In Reno v. ACLU, the U.S. Supreme Court ruled unanimously on June 26, 1997, that the Communications Decency Act (CDA) violates the First Amendment.  

The CDA was signed into law as a part of the Telecommunications Act of 1996. Almost immediately upon being signed into law, the American Civil Liberties Union along with a myriad of other plaintiffs brought suit in Federal Court in the Eastern District of Pennsylvania in order to enjoin the Act. The ACLU filed suit pursuant to Section 561 of the Act, which authorized expedited judicial review of facial constitutional challenges to the Telecommunication Act. After a temporary restraining order was issued, plaintiffs' motion for a permanent injunction was heard by a three-judge panel of the Federal District Court. After making extensive and detailed findings of fact of the Internet and its unique characteristics, the District Court enjoined the enforcement of the Communications Decency Act. Each judge on the panel wrote his or her own separate opinion. [Dist. Court]. The U.S. Department of Justice (DOJ) then filed an appeal that pursuant to Section 561 went directly to the Supreme Court and that the Supreme Court was required to hear.

Impressed by the role of the Internet in democratic discourse, and building upon the impressive fact finding of the District Court, the Supreme Court unanimously upheld the decision of the District Court (Justice O'Connor, with Chief Justice Rehnquist joining, dissented in part. Justice O'Connor, otherwise agreeing with the Court's decision, would have sustained the CDA insofar as it applies to the knowing transmissions of indecency between a single adult and one or more minors).

See CDA Reference Page for List of Litigation Documents at District Court and Supreme Court, along with papers and articles.

Writing for the Court, Justice Stevens immediately noted that the CDA does not sit comfortably with the rest of the Telecommunications Act. Where the other provisions of the Telecommunications Act rose to epic levels, implementing the most substantial reforms to the telecommunications landscape since 1934 as the result of extensive committee hearings and reports, the provisions of the CDA were "added in executive committee after the hearings were concluded or as amendments offered during floor debate." There was a marked lack of Congressional fact finding substantiating either the need for or the effectiveness of the CDA. Furthermore, the challengers to the CDA pointed out that in an age of increased competition and a decreased role for the Federal government, the CDA called for increased regulation and an expansion of federal jurisdiction into untouched areas. As the only section of the Telecommunications Act which directly dealt with the Internet, the CDA was seen by many as a knee-jerk reaction in an election year to "barbarian" Internet pornographers.
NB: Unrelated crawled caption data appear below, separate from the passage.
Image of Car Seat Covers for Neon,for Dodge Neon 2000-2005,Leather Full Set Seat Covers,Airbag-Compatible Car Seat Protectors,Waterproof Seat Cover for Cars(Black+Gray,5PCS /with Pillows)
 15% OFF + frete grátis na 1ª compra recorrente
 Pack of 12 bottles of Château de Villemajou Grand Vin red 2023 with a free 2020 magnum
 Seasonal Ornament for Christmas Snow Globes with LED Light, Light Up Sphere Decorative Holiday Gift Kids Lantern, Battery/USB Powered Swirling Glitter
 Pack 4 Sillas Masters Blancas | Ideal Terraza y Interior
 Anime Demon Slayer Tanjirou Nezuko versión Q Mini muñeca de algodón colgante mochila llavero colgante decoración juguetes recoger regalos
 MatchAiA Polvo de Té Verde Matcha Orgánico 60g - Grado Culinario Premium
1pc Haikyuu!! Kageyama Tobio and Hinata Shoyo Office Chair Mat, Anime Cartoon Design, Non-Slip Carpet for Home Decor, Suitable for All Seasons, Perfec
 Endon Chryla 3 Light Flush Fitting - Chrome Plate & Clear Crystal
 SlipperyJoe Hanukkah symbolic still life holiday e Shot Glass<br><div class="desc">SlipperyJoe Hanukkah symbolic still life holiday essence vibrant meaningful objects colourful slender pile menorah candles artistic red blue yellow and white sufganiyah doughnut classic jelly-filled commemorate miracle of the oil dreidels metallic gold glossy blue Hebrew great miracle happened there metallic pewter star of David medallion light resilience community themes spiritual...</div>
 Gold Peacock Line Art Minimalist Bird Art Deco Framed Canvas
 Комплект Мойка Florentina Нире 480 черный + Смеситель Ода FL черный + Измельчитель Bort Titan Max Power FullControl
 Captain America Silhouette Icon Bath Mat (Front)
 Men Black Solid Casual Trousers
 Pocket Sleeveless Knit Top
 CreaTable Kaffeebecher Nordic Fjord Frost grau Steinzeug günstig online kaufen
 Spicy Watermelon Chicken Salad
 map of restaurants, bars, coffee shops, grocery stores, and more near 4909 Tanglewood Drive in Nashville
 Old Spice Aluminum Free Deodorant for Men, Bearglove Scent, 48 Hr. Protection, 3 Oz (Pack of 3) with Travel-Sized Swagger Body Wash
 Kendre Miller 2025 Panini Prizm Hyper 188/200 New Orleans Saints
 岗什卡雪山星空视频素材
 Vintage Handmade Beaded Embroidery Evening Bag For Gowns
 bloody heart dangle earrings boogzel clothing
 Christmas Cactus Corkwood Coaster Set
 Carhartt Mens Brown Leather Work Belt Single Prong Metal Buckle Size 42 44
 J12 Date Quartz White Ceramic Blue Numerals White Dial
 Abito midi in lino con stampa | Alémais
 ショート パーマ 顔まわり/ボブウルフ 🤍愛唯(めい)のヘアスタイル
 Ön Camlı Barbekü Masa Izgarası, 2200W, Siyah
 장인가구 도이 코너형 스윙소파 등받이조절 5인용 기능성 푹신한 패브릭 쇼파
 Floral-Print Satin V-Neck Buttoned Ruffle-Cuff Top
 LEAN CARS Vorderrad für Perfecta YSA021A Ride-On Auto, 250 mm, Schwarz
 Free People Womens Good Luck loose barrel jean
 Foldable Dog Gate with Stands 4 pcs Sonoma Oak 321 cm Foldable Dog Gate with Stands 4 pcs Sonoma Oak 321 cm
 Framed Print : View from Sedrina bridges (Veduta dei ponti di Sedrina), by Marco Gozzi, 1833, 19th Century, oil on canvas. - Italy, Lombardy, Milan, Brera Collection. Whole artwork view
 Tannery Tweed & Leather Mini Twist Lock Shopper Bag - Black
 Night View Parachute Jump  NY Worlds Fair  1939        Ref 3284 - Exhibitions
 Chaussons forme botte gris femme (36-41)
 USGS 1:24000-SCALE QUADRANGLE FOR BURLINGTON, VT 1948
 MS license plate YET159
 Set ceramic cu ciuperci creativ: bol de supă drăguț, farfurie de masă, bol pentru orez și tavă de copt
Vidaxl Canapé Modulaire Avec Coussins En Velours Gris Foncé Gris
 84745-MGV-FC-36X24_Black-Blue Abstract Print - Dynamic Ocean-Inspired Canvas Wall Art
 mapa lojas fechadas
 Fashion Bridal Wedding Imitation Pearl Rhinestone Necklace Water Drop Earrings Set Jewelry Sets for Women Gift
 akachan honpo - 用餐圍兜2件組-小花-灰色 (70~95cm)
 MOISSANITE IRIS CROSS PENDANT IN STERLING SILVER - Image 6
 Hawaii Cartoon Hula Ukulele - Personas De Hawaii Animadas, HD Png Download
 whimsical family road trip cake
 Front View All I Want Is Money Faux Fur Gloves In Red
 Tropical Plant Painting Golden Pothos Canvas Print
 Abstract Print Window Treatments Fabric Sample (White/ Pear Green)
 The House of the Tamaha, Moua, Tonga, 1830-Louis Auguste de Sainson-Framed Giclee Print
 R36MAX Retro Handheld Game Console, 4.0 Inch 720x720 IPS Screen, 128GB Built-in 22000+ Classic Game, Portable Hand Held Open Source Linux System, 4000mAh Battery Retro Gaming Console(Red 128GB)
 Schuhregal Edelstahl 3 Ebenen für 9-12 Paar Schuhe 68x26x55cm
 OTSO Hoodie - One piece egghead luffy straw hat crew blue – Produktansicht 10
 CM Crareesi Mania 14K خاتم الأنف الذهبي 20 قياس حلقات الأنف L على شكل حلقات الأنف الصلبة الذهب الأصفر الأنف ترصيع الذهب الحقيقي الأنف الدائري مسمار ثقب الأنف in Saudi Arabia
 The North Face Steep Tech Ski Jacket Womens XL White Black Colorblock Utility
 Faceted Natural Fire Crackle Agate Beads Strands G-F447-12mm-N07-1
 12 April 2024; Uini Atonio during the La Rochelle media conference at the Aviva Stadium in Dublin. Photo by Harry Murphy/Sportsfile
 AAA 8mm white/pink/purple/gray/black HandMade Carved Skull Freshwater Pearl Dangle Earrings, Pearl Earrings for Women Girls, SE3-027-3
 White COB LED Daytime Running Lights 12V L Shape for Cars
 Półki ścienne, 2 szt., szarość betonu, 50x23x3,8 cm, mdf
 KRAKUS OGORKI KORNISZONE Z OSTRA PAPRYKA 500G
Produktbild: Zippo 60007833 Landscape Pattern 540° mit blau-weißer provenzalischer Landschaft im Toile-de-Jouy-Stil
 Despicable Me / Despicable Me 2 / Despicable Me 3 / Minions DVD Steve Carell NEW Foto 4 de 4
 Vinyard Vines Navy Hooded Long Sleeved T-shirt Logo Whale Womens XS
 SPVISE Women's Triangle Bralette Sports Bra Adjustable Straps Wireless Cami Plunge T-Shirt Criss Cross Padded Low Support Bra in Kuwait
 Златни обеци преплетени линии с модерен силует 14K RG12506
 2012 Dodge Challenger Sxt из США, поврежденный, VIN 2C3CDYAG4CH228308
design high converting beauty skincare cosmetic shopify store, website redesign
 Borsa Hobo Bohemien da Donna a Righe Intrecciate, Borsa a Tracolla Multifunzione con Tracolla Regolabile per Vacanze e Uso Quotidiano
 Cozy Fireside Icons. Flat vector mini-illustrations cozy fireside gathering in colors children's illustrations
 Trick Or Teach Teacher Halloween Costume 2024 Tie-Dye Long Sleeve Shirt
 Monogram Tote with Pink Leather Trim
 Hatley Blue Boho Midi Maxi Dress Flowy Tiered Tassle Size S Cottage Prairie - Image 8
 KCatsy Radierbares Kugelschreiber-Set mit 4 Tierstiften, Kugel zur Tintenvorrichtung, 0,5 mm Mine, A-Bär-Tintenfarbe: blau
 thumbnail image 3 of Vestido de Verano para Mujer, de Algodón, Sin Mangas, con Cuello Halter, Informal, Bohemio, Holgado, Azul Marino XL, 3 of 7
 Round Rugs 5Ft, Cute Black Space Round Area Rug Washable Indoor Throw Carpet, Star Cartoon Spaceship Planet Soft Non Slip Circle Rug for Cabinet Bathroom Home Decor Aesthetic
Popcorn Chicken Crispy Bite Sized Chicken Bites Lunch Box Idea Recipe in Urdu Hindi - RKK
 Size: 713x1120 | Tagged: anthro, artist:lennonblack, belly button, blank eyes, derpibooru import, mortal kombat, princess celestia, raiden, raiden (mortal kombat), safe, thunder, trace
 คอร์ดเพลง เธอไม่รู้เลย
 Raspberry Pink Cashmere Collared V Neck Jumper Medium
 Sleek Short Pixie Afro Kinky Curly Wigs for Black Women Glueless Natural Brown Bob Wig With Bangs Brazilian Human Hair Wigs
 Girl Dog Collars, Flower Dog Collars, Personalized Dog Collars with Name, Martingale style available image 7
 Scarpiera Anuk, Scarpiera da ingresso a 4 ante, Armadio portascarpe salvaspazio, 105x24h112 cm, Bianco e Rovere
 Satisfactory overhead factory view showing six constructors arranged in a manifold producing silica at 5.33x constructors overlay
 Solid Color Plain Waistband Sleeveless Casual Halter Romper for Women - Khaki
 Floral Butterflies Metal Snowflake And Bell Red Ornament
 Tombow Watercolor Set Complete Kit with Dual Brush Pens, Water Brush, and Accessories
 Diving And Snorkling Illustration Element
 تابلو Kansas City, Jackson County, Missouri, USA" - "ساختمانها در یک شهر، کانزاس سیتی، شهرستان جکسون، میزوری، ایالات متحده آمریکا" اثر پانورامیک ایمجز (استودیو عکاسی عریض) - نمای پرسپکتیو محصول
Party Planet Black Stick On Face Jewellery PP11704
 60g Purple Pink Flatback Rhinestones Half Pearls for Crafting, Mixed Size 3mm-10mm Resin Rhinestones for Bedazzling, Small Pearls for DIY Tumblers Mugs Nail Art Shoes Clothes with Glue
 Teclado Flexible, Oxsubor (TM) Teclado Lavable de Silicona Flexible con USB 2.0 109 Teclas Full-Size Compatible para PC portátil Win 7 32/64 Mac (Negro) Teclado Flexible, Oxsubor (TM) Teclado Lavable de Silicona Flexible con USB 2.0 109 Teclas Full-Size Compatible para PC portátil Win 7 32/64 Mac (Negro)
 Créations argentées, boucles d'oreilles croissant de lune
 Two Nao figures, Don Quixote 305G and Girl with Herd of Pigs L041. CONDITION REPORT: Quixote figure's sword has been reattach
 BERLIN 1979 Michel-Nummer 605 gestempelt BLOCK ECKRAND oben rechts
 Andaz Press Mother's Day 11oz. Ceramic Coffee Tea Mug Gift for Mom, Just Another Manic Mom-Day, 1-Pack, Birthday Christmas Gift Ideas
Amplifying the findings of the District Court that the Internet constitutes a revitalization of democratic discourse, the Supreme Court noted that "at any given time 'tens of thousands of users are engaging in conversations on a huge range of subjects.' It is 'no exaggeration to conclude that the content on the Internet is as diverse as human thought.'" Where traditional media of communication are characterized by high entrance barriers, "any person or organization with a computer connected to the Internet can 'publish' information." Once the material is "published" on the Internet, it becomes available everywhere on the globe; the provider "cannot prevent that content from entering any community."

During the litigation of the CDA, there was an ongoing debate over what is the proper analogy for the Internet. This debate was based on the First Amendment principal that each medium of communications has unique characteristics for which the Court must account. The First Amendment as applied to print media is not the same as the First Amendment applied to broadcast or to dial-a-porn. The Supreme Court, however, rejected the furious search for a proper analogy and instead focused on the unique nature of the Internet. The Court recognized that the Internet is a medium unlike any before it. Specifically rejecting the arguments of DOJ, the Supreme Court found that the Internet is unlike a bookstore (in Ginsberg v. New York, 390 U.S. 629 (1968), the Supreme Court "upheld the constitutionality of a New York statute that prohibited selling to minors under 17 years of age material that was considered obscene . . ."), unlike a movie theater (in Renton v. Playtime Theatres, Inc., 475 U.S. 41 (1986), the Supreme Court "upheld a zoning ordinance that kept adult movie theaters out of residential neighborhoods"), and unlike broadcast (FCC v. Pacifica Foundation, 438 U.S. 726 (1978)).

The refusal of the Court to compare the Internet to broadcasting is perhaps the most fascinating. Summarizing the First Amendment as applied to broadcasting, most notably articulated in Pacifica, the Court described the three primary rationales which permit civil restraint on broadcasting indecency. "[T]he Court relied on the history of extensive government regulation of the broadcast medium; the scarcity of available frequencies at its inception; and its 'invasive' nature." The Court reiterated that these broadcast cases are "emphatically narrow holding[s]" which do not give the FCC or any other part of the Federal government license to expand its role as a communications censor.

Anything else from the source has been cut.